03/05/06
■ B型肝炎ウイルス (HBV) ワクチンについて
【質問】
 看護師です。HBワクチンの2回接種と推奨されている3回接種では感染防御率に違いはあるのでしょうか。また2回接種の場合, CDCガイドラインのように陽性になった場合, 再接種は必要ないのでしょうか

【回答】
B型肝炎ウイルス (HBV) ワクチンの2回接種と3回接種では感染防御率に違いがあると考えてください。理由はふたつ考えられます。

(1) ワクチンによる感染防御抗体 (HBs抗体) の獲得がよくない集団, 特に40才以上の中・高齢者では抗体の獲得率が低くなります。

(2) ワクチン接種でHBs抗体を獲得したヒトでも, 抗体の量 (濃度) が低いため, 時間的経過 (年単位) とともに, 早く抗体陰性 (防御に必要な抗体の量, あるいは濃度以下) になってしまいます。

 ワクチン (不活化ワクチン) という抗原刺激は, 一般的に, ワクチンの量が多い程, ワクチンを頻回に接種する程, 高い抗体の量 (濃度) が得られると理解してください。無制限に増やせない理由は副作用と費用です。

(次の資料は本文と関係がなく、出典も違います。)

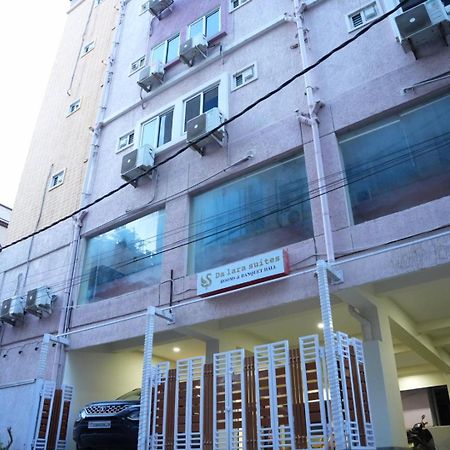 Da Lara Suites Kondapur  Exteriér fotografie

 また一度HBs抗体が陽性になったからと言って, 安心できません。ワクチン接種で獲得した抗体は時間の経過と共に減って行きますから, 必要に応じて再接種を行います。この時は身体 (リンパ球) が前に接種されたHBs抗原を記憶していますから, 少ない量で, 1回の接種でも充分に反応してきます。